# rearranging formula

• November 22nd 2010, 09:48 AM
Haris
rearranging formula
(z+h)+[(Q/b*(z+h))^2/(2*g)]=z

Could someone please solve for z.

We know all the variables apart from z.

Cheers :)
• November 22nd 2010, 04:43 PM
topspin1617
Well, this is the best I can make out from how you have the original problem written... learning to write this stuff in TEX on here can be helpful :)

$z+h+\frac{(\frac{Q}{b}(z+h))^2}{2g}=z$.

Is this the correct problem?

Btw, I don't think this belongs in this section... this really feels like more of a basic algebra question than abstract algebra or whatever.

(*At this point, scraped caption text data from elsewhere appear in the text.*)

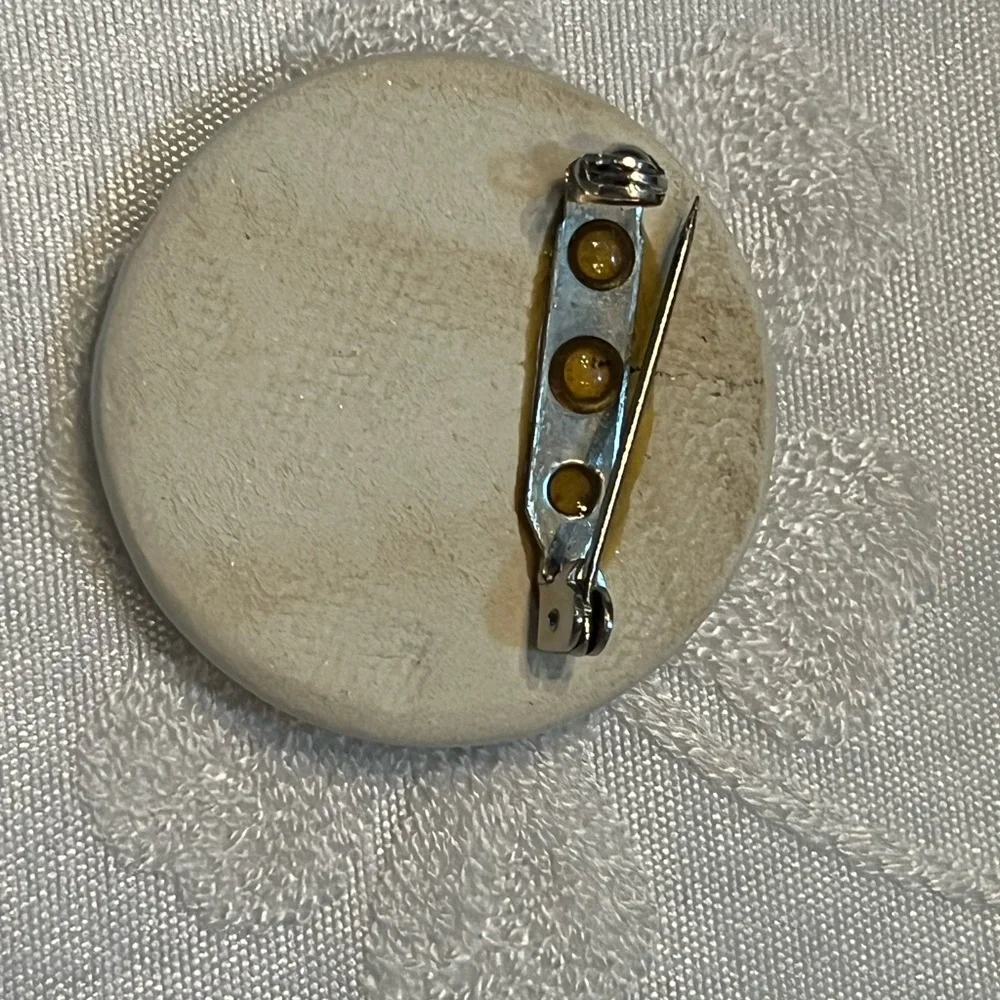 Vintage Ceramic School Nurse pin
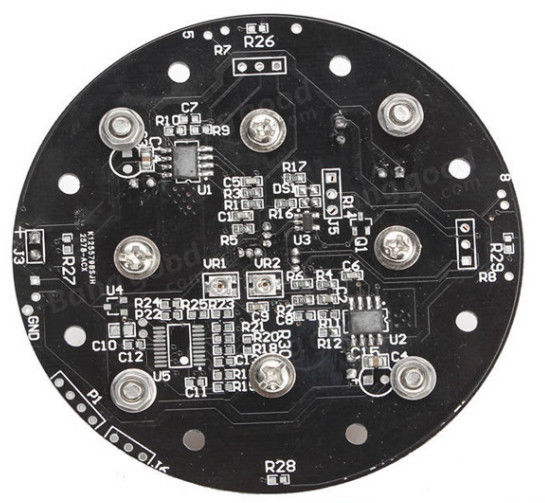 SMT 전자 PCB 조립 제조 빠른 프로토타입 블랙 솔더 마스크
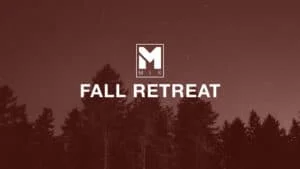 Trees with stars over head - logo for Mix Fall Retreat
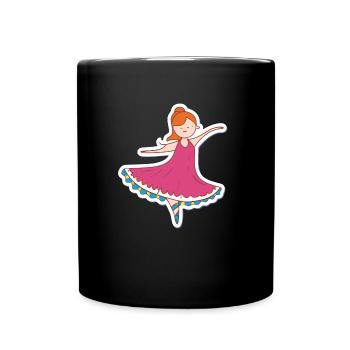 Ballett - Tasse einfarbig - Schwarz - Vorne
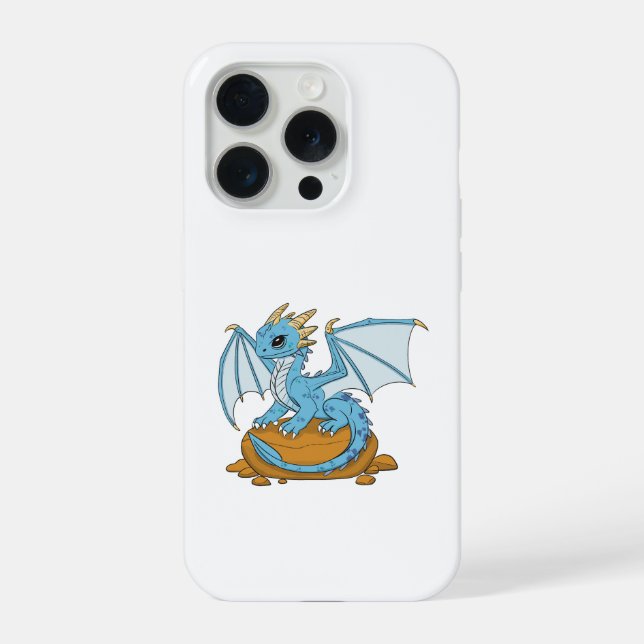 Little Blue Dragon iPhone Hülle (Rückseite)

But I'll help anyway since it's here.

What work have you been able to do yourself so far?
• November 22nd 2010, 06:22 PM
mr fantastic
Quote:

Originally Posted by Haris
(z+h)+[(Q/b*(z+h))^2/(2*g)]=z

Could someone please solve for z.

We know all the variables apart from z.

Cheers :)

If you introduce some new notation such as x = z + h and (Q/b)^2/2g = a it's much easier to see:

$x + ax^2 = x - h \Rightarrow ax^2 = -h$. If a < 0 then there is no real solution for x and hence z.